Di pasar grosir di Kota Wu, mendapatkan barang dalam jumlah besar, pakaian dengan sedikit cacat bukanlah hal langka; hanya perlu dipasangi kancing atau diganti ritsleting, bisa jadi hasilnya malah lebih baik dari sebelumnya.
Pekerjaan seperti ini beberapa hari terakhir selalu dikerjakan sendiri oleh Ibu Wang, bahkan jika harus begadang pun ia tak peduli.
Kali ini, ia mengeluarkan lebih dari sepuluh potong pakaian dan celana yang diminta pelanggan untuk dipendekkan atau dipasangi kancing, lalu berjalan keluar.
Kancing dan ritsleting yang perlu ditambahkan pun tentu saja disediakan oleh Ibu Wang, jika tidak, dengan tarif satu sen per potong yang dipatok Feng Yue, paling-paling hanya bisa balik modal.
“Nak, kalau bisa lain kali pilih waktu, datanglah setiap hari sekali. Kalau pelanggan buru-buru, akan langsung kusuruh mereka mencarimu, toh rumah kita juga dekat. Bisnis bibi di sini lumayan, setiap hari paling tidak ada belasan potong pakaian… Soal upahnya, bibi akan membayar sesuai banyaknya pekerjaan, satu potong satu atau dua sen, dan akan diselesaikan per hari.”
Sikap Ibu Wang ramah dan hangat, yang paling penting ia bahkan langsung menyebutkan upahnya, tiba-tiba tampak begitu murah hati.
Ini sungguh tak biasa. Diketahui, saat masih bekerja di pabrik dulu, sehari paling banyak ia bisa dapat dua atau tiga yuan, sehingga konsepnya tentang uang sudah sangat terpaku, sangat perhitungan.
Saat itu juga, Feng Yue sudah berdiri, agak gugup melambaikan tangan, “Bibi, ini terlalu banyak… sungguh…”
“Apa yang terlalu banyak?
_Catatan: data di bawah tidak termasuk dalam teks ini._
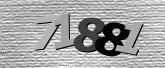 Larawan ng Captcha
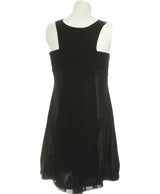 181548 Robes LMV Occasion Vêtement occasion seconde main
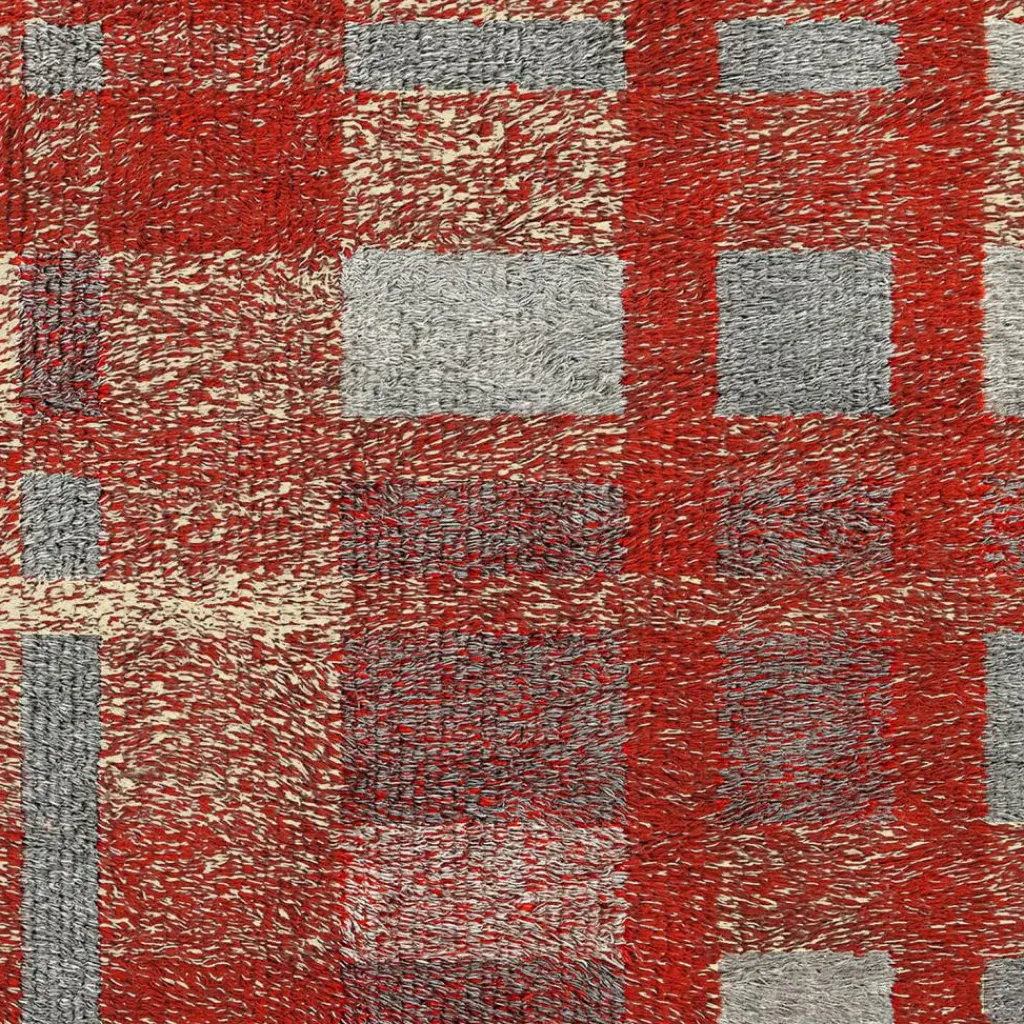 LOBERON Tapis Rectangulaires|Tapis*Tapis Serenith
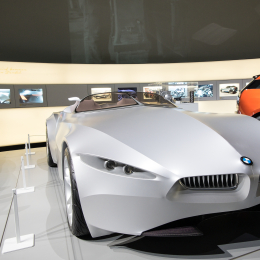 BMW_Museum_und_Welt_20161209_105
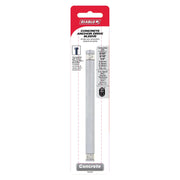 Diablo DMAPL2960 SDS-Plus Concrete Anchor Drive Sleeve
Bibi juga tetap dapat untung… Lagipula kamu juga harus makan, kan.”
Tanpa bisa dibantah, Ibu Wang langsung menyodorkan setumpuk pakaian ke pelukan Feng Yue, “Tak perlu banyak bicara, bibi tahu keahlianmu bagus, bahkan mengharapkan kamu bisa mengangkat nama toko ini.”
Mungkin beginilah yang disebut memberi bara di saat salju turun…
Ketika Feng Yue berbalik pulang, matanya sudah mulai memerah.
Karena memeluk banyak pakaian, ia tak bisa mengelap air mata. Ia hanya menunduk, menggesekkan hidungnya ke lengannya, lalu berpaling dan mengucapkan selamat tinggal pada Ibu Wang, serta mengangguk pada Wang Chaoyang sebagai salam.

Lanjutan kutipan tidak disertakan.